Does the GTX1060 support double precision?

Does the GTX 1060 support double precision? What is it’s double precision throughput in Gflops. I couldn’t find any information on this on the NVIDIA website. Is there any table which details the double precision capabilities of the NVIDIA GPUs.

The only source of information which I found is external:

However, the information on Wikipedia may not be correct.

I intent to use the GTX 1060 for scientific computations which require double precision capabilities.

The double precision throughput is 1/32 the single precision throughput.
This is derived from the compute capability 6.1 entries in this table:

http://docs.nvidia.com/cuda/cuda-c-programming-guide/index.html#arithmetic-instructions

(4/128 = 1/32)

According to this particular example:

http://www.gamersnexus.net/hwreviews/2518-nvidia-gtx-1060-review-and-benchmark-vs-rx-480?showall=1

The FP32 throughput is ~6.5 TF, so the DP (FP64) throughput should be around 0.2TF or 200GFlops.

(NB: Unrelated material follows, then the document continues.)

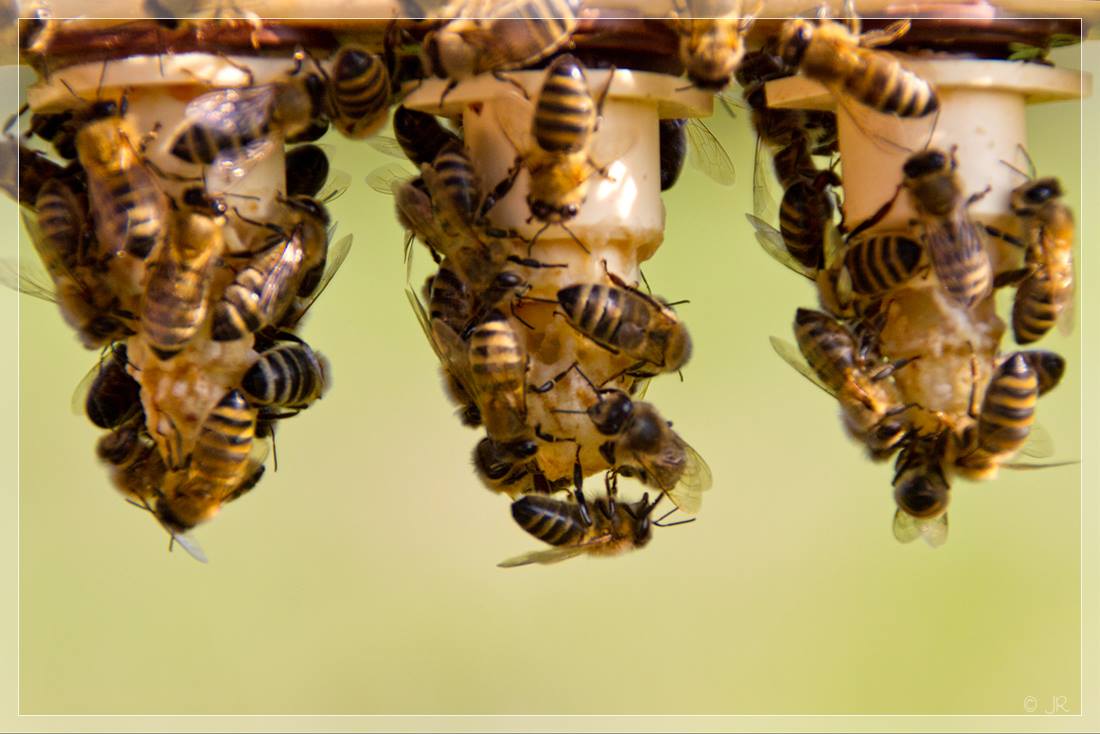 bienen-nicot-02.jpg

It will vary somewhat based on actual clock - which may vary depending on the board you have and boost activity.

I think the Wikipedia info is pretty accurate also.

Thanks for the input.

In the article
http://www.gamersnexus.net/hwreviews/2518-nvidia-gtx-1060-review-and-benchmark-vs-rx-480?showall=1

it is written “Like the other GTX chips, GP106 dedicates itself to FP32 single precision compute, leaving double precision FP64 to CUDA Cores science-class GPUs.”

This would mean that there is no double precision computation with the GTX 1060.

No, that wouldn’t be the correct interpretation. However the idea is that since FP64 throughput is 1/32 of FP32 throughput (i.e. much smaller) then people who are interested in high levels of FP64 performance should probably consider “science class GPUs” by which they mean various members of the Tesla family of GPUs.

The GFLOPS information for the GTX 1060 in this Wikipedia table seem correct to me:
https://en.wikipedia.org/wiki/GeForce_10_series

In many cases the performance differences between single-precision and double-precision computation are not nearly as severe as the raw throughput ratios would suggest:

(1) On GPUs generally, is not generally possible to get more than about 75% of theoretical single-precision peak performance out of compiled code, e.g. due to scheduling and register bank conflicts. But on DP-lite consumer GPUs, it is possible to get 99% of theoretical double-precision performance when that becomes the most severe bottleneck.

(2) Most real-life codes, even when classified as floating-point intensive, execute many non-floating-point operations that aren’t affected by the disparities between SP and DP throughput.